At the outset, we are convinced of Miss Durio’s negligence. She was acting in obedience to a stop sign and attempting a left hand turn. On either count, the law required that she affirmatively see that the intersection was clear before proceeding. Otillio v. Dolese, La.App., 236 So.2d 646 (4th Cir. 1970); Warrington v. Employers Group Insurance Companies, La.App., 207 So.2d 207 (4th Cir. 1968), and Liverpool & London & Globe Insurance Co. v. Taylor, La.App., 193 So.2d 840 (4th Cir. 1966).
The fact that she saw nothing prior to impact is, in our view, not determinative, for, like any motorist, she must abide by the standard of what she should have seen. In this connection, we recognize merit in the defendants’ argument that she was entitled to presume that vehicles beyond her range of vision were traveling at a lawful rate of speed. At the same time, we find it unreasonable to apply that rule where, as here, the favored vehicle entirely crossed the front of her car without being seen prior to impact.
The crux of the matter lies, therefore, in determining whether or not Simpson’s negligence per se in speeding was a legal proximate cause of the collision. Simpson admitted to perhaps 35 miles per hour in a 20-mile per hour zone. Miss Durio estimated his speed as at least 35 miles per hour.
Our reading of the record is that, assuming he was moving at about that rate of speed, Miss Durio could and should have seen him, that he was entitled to assume that she would, and that the sole cause of the accident was her negligence. Amer*101ican Road Insurance Company v. Irby, La.App., 203 So.2d 427 (2nd Cir. 1967).
In brief, the defendants argue that the fact that Simpson traveled some 70 yards (210 feet) after impact suggests that he was moving at a far greater rate of speed. The evidence, however, is clear that he did not apply his brakes and, in view of that, it is impossible to draw speed conclusions from the distance traversed.
Damages were stipulated at $100.00 for Mr. Simpson and $1,062.50 for Emmco Insurance Company.

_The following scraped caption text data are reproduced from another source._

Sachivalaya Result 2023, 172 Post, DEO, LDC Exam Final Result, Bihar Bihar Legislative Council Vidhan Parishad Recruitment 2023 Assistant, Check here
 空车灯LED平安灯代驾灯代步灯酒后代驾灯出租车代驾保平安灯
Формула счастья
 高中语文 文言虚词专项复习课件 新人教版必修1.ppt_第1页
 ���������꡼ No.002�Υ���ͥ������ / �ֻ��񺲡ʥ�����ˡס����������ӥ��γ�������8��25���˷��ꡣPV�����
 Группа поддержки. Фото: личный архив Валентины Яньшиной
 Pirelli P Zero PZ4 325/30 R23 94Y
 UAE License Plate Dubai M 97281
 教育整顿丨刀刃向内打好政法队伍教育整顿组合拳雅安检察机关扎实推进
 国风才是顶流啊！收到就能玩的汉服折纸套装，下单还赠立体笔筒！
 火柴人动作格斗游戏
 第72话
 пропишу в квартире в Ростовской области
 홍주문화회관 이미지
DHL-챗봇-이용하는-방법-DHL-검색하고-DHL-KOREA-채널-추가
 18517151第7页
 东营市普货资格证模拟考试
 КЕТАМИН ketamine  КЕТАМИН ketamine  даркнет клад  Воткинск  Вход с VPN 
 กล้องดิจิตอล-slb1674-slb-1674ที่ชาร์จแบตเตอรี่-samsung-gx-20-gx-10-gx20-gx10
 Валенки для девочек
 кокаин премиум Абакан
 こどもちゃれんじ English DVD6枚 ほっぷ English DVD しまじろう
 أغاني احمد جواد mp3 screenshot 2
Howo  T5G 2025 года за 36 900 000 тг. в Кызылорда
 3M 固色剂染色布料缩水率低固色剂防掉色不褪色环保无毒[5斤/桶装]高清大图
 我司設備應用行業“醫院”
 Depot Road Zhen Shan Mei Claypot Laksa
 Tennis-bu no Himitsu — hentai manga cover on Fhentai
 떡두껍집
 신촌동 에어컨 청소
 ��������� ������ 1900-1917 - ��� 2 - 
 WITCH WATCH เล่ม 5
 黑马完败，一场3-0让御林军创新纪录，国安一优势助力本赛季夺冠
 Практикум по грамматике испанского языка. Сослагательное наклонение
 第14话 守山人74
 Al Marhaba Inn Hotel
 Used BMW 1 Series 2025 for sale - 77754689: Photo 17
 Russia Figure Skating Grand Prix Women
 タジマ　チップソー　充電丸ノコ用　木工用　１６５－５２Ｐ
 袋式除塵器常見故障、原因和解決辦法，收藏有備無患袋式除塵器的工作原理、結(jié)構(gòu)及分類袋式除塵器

For the foregoing reasons, the judgment appealed is reversed and judgment is hereby rendered in favor of plaintiff, Austin P. Simpson, in the amount of $100.00, plus interest, and in favor of plaintiff, Emmco Insurance Company, in the amount of $1,-062.50, plus interest, and against defendants, Ronald Durio, personally and as father administrator of the estate of his minor daughter, Suzanne M. Durio, and Travelers Insurance Company. Costs in both courts are to be borne by defendants-appellees.
Reversed and rendered.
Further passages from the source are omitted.